Le sanzioni Usa nei confronti dell’export di greggio iraniano tornano al centro della scena e, insieme alle incertezze legate alla Libia, fanno volare il prezzo del petrolio.
Questa mattina infatti, dopo il balzo di ieri pomeriggio, il Wti scambia a 71,1 $/bl (+0,8%) mentre il Brent a 76,7 $/bl (+0,5%), spingendo Il Ftse italia Petrolio e Gas Naturale a +0,7 per cento.
L’andamento dell’indice settoriale riflette l’andamento delle big del settore a Piazza Affari, con Eni a +0,7%, Tenaris a +1,4% e Saipem a +2,7%.

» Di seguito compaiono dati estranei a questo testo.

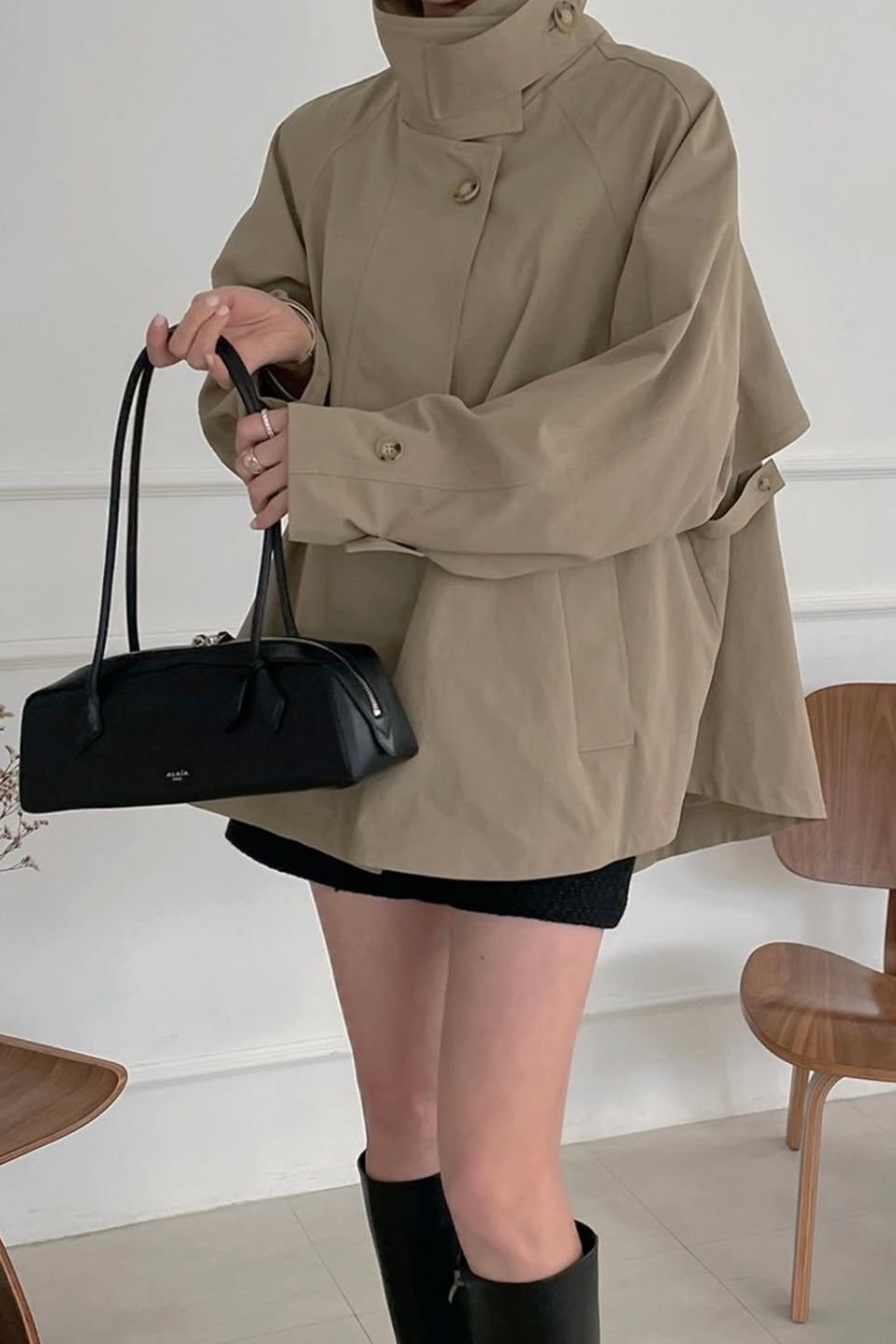 251123 * Showroom有貨版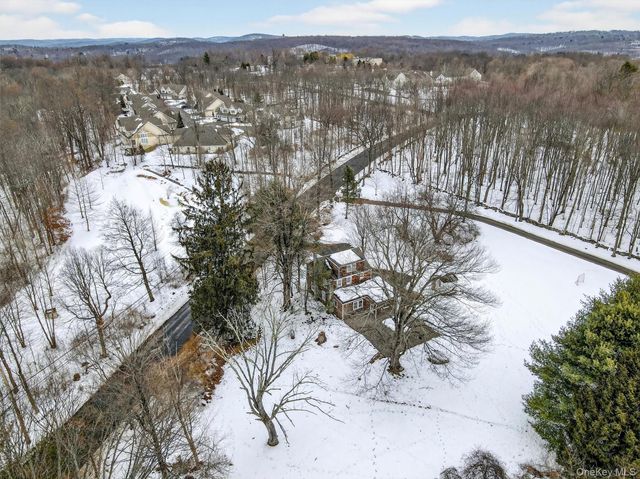 1835 Jacob Road, Cortlandt Manor, NY 10567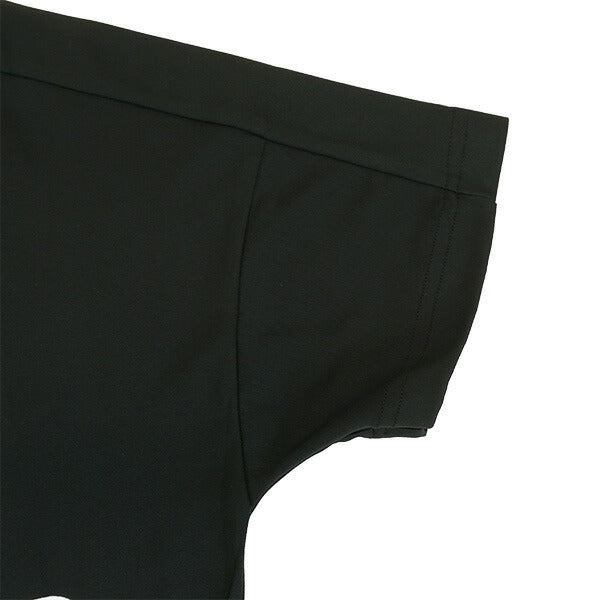 【ネコポス送料無料】ソンディコSondicoジュニア瞬間速乾冷却プラシャツ26SN689JサッカーフットサルプラクティスシャツTシャツ半袖子供用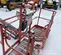 2017 Skyjack SJ45T Boom Lift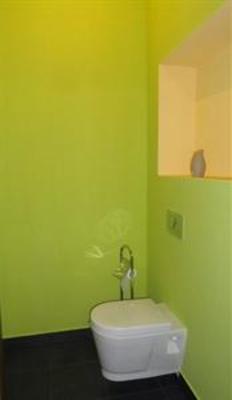 фото отеля Babylon Hostel Wroclaw
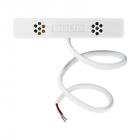 Термогигрометр адресный Болид С2000-ВТ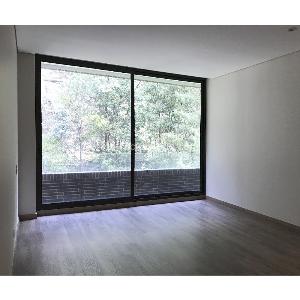 Apartamento de 3 alcobas en venta en Rosales Bella Vista, Bogotá, 269 m² · foto 6 de 10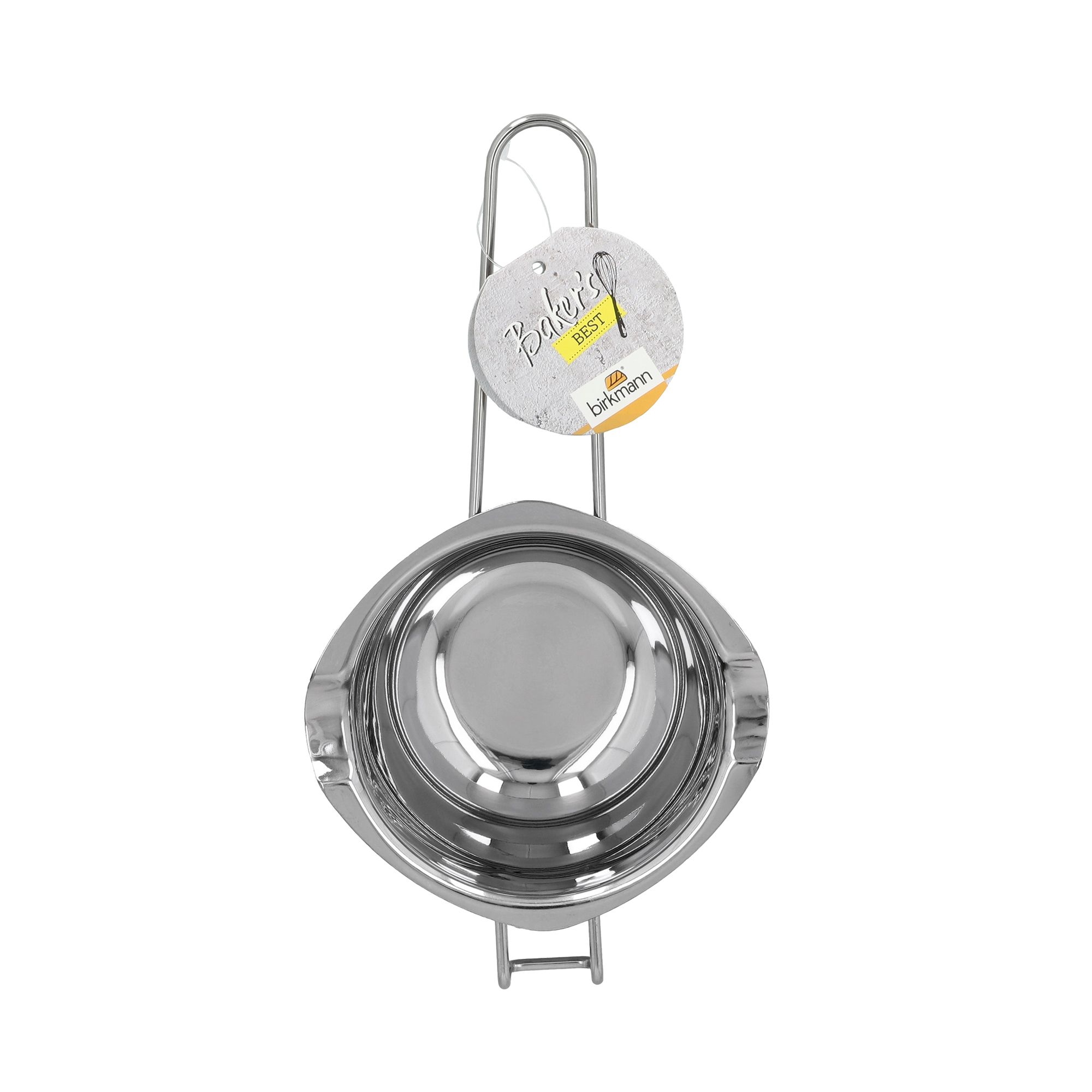 Birkmann - Baker's Best - Melting Bowl - 400 ml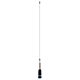 Antenne CB PNI ML160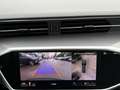 Audi A6 45 TFSI SPORT/PANORAMA/360°+3D/MMI NAVI/PDC Schwarz - thumbnail 16
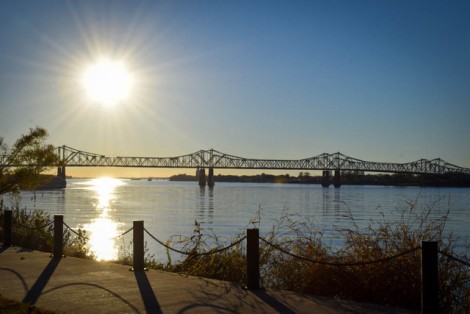 23-11-2021 - New orleans to Vicksburg-76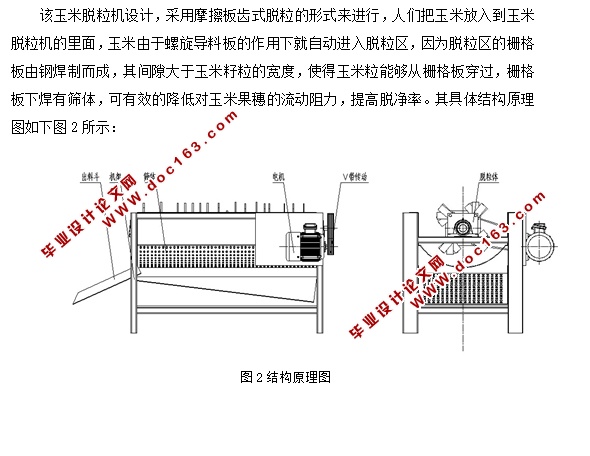 (CADװͼ,SolidWorksάͼ)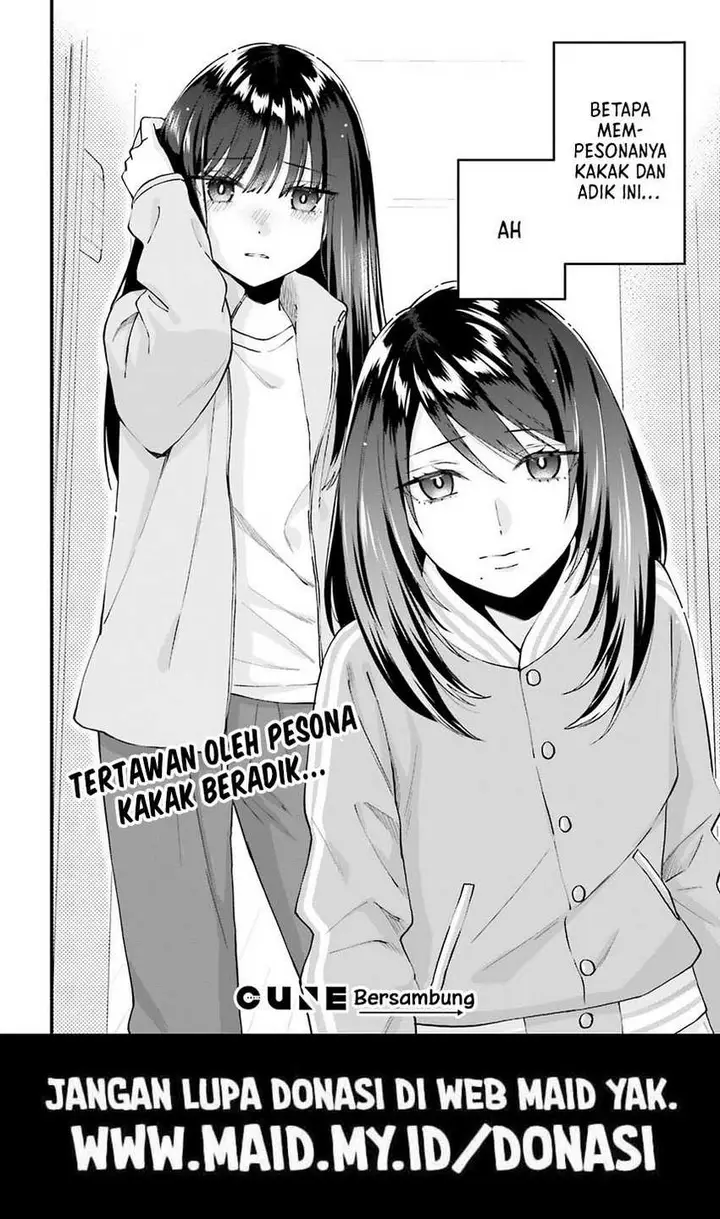 image-komik-keiyaku-shimai-chapter-19-21/24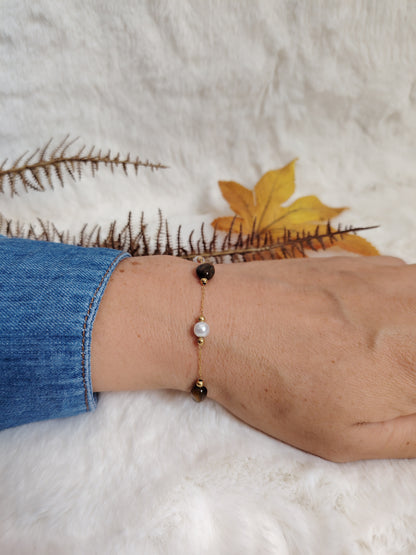 Bracelet Equilibre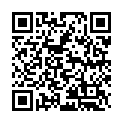 Shah-E-Madina - 1 Song - QR Code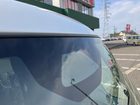 車両画像14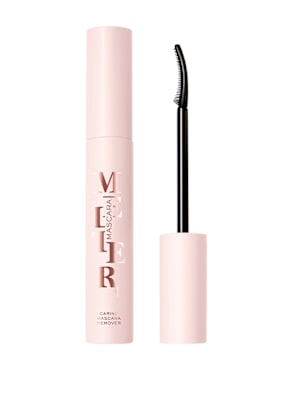 Lancôme Melter Caring Mascara Remover 8 ml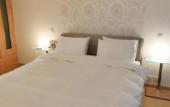 Туры в отель Mirada Hotel Туры в отель Mirada Hotel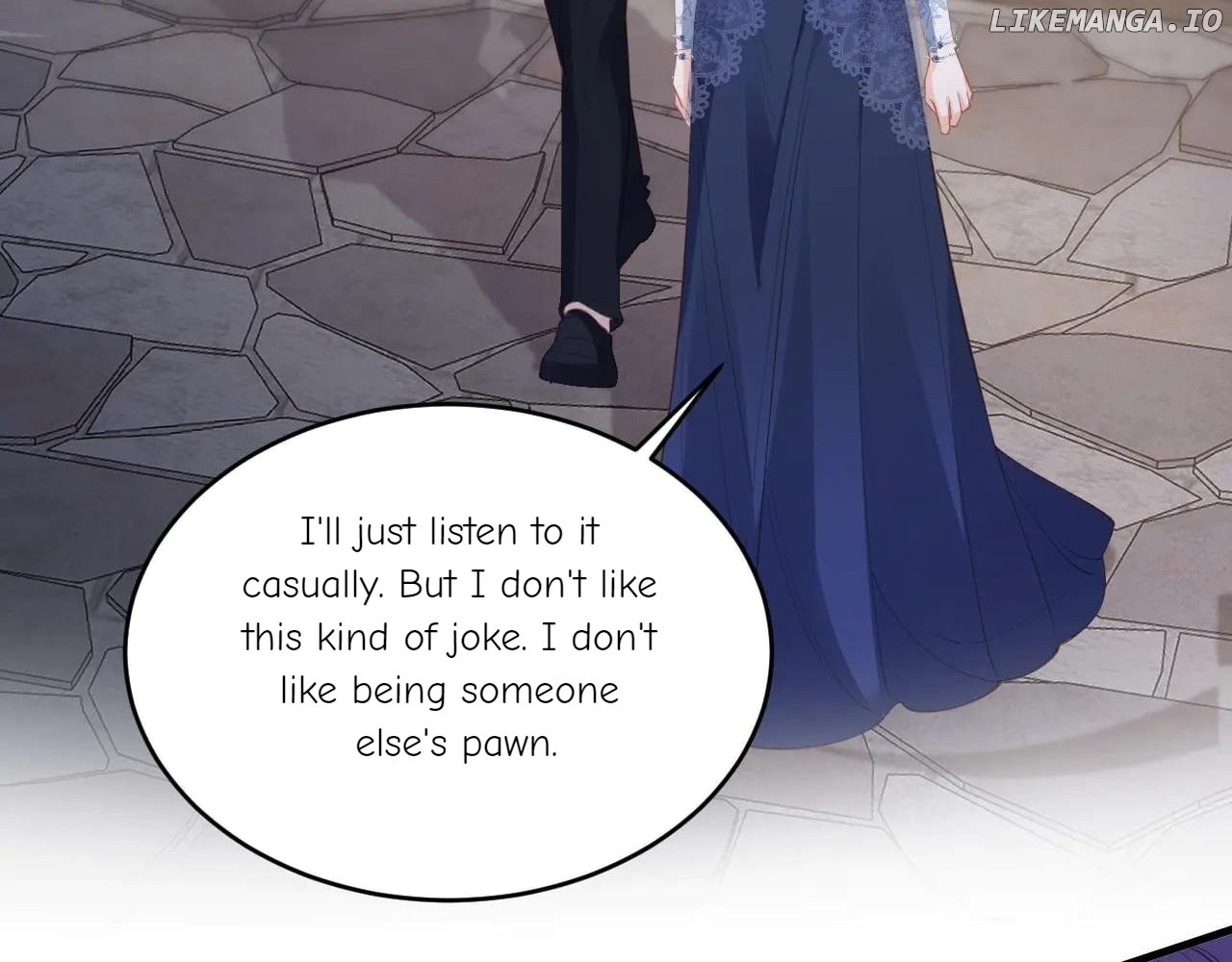 ch 24 19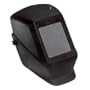 SEPTLS1383002502 - Shadow Welding Helmets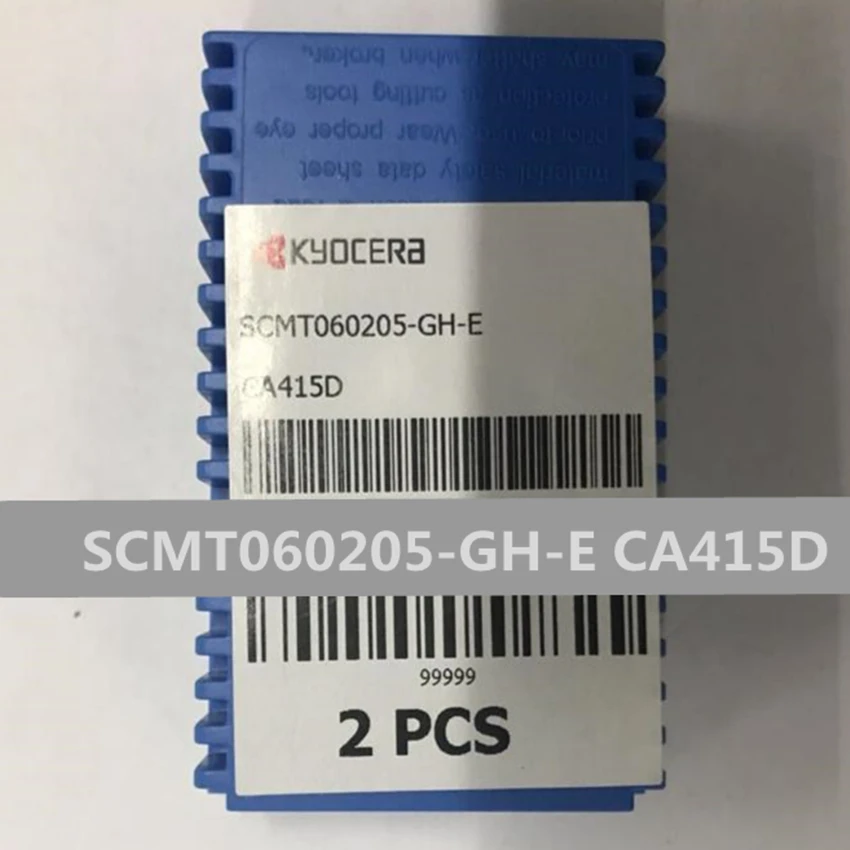 10Pcs Gaobey WNMG080404HQ WNMG431HQ TN60 CNC Carbide Inserts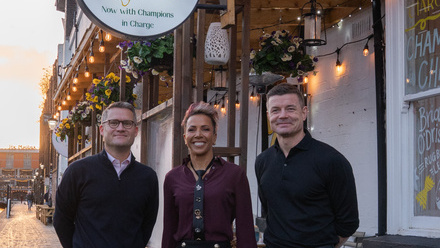 HSBC-Dame-Kelly-Holmes-Brian-O'Driscoll.jpg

Dalle parole di alcuni funzionari Usa è emersa la volontà di non concedere esenzioni dalle sanzioni che dal prossimo 4 novembre colpiranno l’export di greggio iraniano.
Con questa mossa la Casa Bianca si pone come obiettivo quello di ridurre a zero l’output di Teheran, avvertendo tutti i paesi interessati, alleati e non, di interrompere le forniture di greggio iraniano entro la deadline di novembre.
Target che si pone però in contrapposizione con la volontà di mantenere basso il prezzo del petrolio, visto anche l’aumento di produzione deliberato dall’Opec+, definito “un po’ inferiore” alle necessità del mercato dal Segretario Usa per l’Energia Rick Perry.
In questo senso potrebbe venire in aiuto l’Arabia Saudita, secondo indiscrezioni pronta a pompare sul mercato a luglio la cifra record di 10,8 milioni di barili/giorno.
In questo scenario, a rafforzare le quotazioni del greggio, si inseriscono anche i problemi riscontrati nell’impianto di Syncrude, in Canada, e le incertezze legate all’output proveniente dalla Libia.
Quest’ultimo fattore è fra le maggiori incertezze, dopo che il generale libico Haftar ha dato il controllo dei terminal di Ras Lanuf ed El Sider, appena riconquistati e luogo di scontri nelle scorse settimane, alla Noc di Bengasi invece che alla Noc di Tripoli, ovvero quella ufficialmente riconosciuta a livello internazionale.